Clearly having a good time!

Captain Latex - Front and...

...Back!

Rainbow Pride










My favorite for sure!


Showing some love...


After circling back around to the main square the parade culminated in a huge party at the Rindermarkt but it was so insanely packed and I constantly felt like I might get raped by a pack of hungry lesbians that we decided to call it a night and had a very chilled and relaxing time at home, just the two of us. And I didn't feel like we missed out one bit :-)
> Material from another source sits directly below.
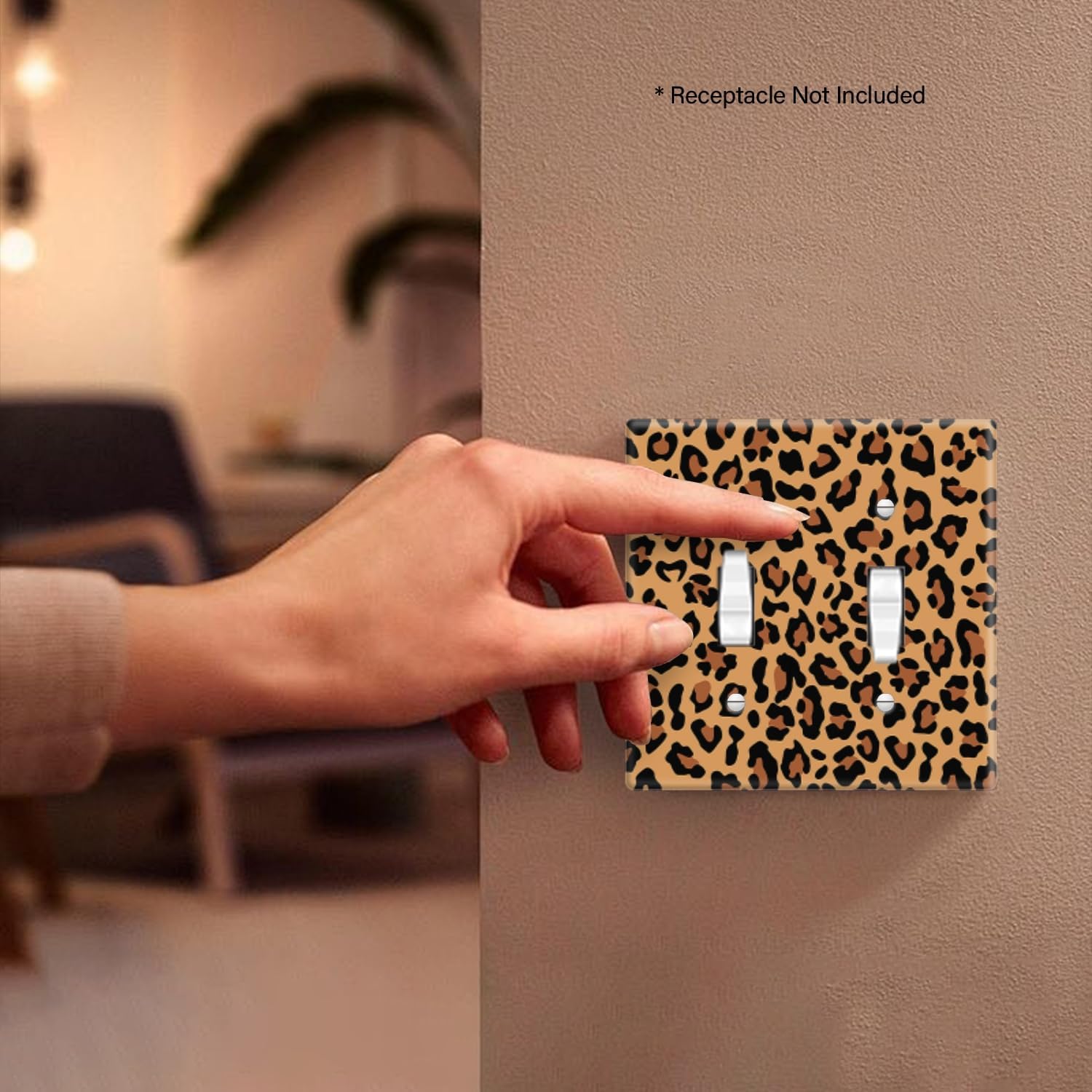 2 Gang Wall Plate Cover Brown-Black Leopard Spot Decorative Switchplate Double Toggle Electrical Faceplate Light Switch Covers for Bedroom Bathroom Decor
So until next time I wish you all blue skies and lots of rainbows!
Love,
Franziska

Monday, July 11, 2011

Let’s get this show on the road, shall we…?


[Day One – Introductions]

Today I’m finally gonna give this a shot after internally debating – for MONTHS(!) – all the ins and outs, potential hazards, failures, successes and, and, and…of putting it all out there (I kid you not!). So I am testing the waters, folks, I hope you’re with me on this ride. Knowing me it will cover any and all emotions ranging from depression central to downright fucking hilarious (well at least in my own little world I find myself funny as hell sometimes).

Oh, disclaimer: There will be some swearing here, probably a good amount but I’ll try to keep it to a lady-like minimum. Although English is not my first language (much more about that later) I am among those blessed people who can (and occasionally do like to) swear like a sailor in two languages – German and English (bilingual swearing is the new black they say). But again, we’ll get to that a bit later on.

Since I am one of those severely technologically challenged people this little blog of mine is clearly still under construction and may look a bit skeletal and crappy for a while longer but I’m going to get there eventually. So bear with me as I navigate my way through this (still quite) scary blogosphere, helpful (as in: not smartass) hints, comments, suggestions etc. are always welcome.

To round this out I’ll give you some bite-size pieces of information about me, just enough to feed that first appetite and keep you yearning for more (yes, that is SO going to happen…).

So this is...

[Me]


I live in Munich, Germany, and getting way too close for comfort to that decade starting with a 3 in front. I spent almost all of my twenties living in the US, Northeast to be exact, but now I'm back to my roots and very happy with that decision (not because I hate the US - I don't - but because I've finally come full circle). I share my life, love and living quarters with Mr. D as we'll call him for now. Our story is as unusual and unlikely as it is insane and you'll be hearing all about it! We've been together for just over two years now and haven't taken that next step toward an addition quite yet. We both agree on wanting to start a family but right now we are soaking in our time together, just the two of us. My family means everything to me. One of the perks of being back in Germany is the ability to see them whenever I want to. For a very long time that was not an option and family time was boiled down to once a year at the most. So I truly cherish every moment I have with them. I'm a special educator but currently not working in my field thanks to ridiculous German laws. I hope to be back to doing what I truly love very soon. For the time being I'm working for the sake of making money. I'm doing the 9-5 so I can live the life I want to live - outside of work. 

Traveling is one of those things I work for. I love seeing the world, experiencing different people, places, cultures. Mr. D has been bringing out my adventurous side and I am thrilled to see it blossom along with my confidence. I love words and writing and I'm a huge sucker for photography. Although I haven't invested the necessary time or energy into becoming any good with the camera myself I am lucky to be surrounded by very talented people and I hope to turn this into something more myself one day.

I don't know yet where I will be taking this blog or where it's gonna take me. For now it is my creative outlet that I will use to share, rant, ask, interact and hopefully meet many wonderful (and slightly crazy) people out there!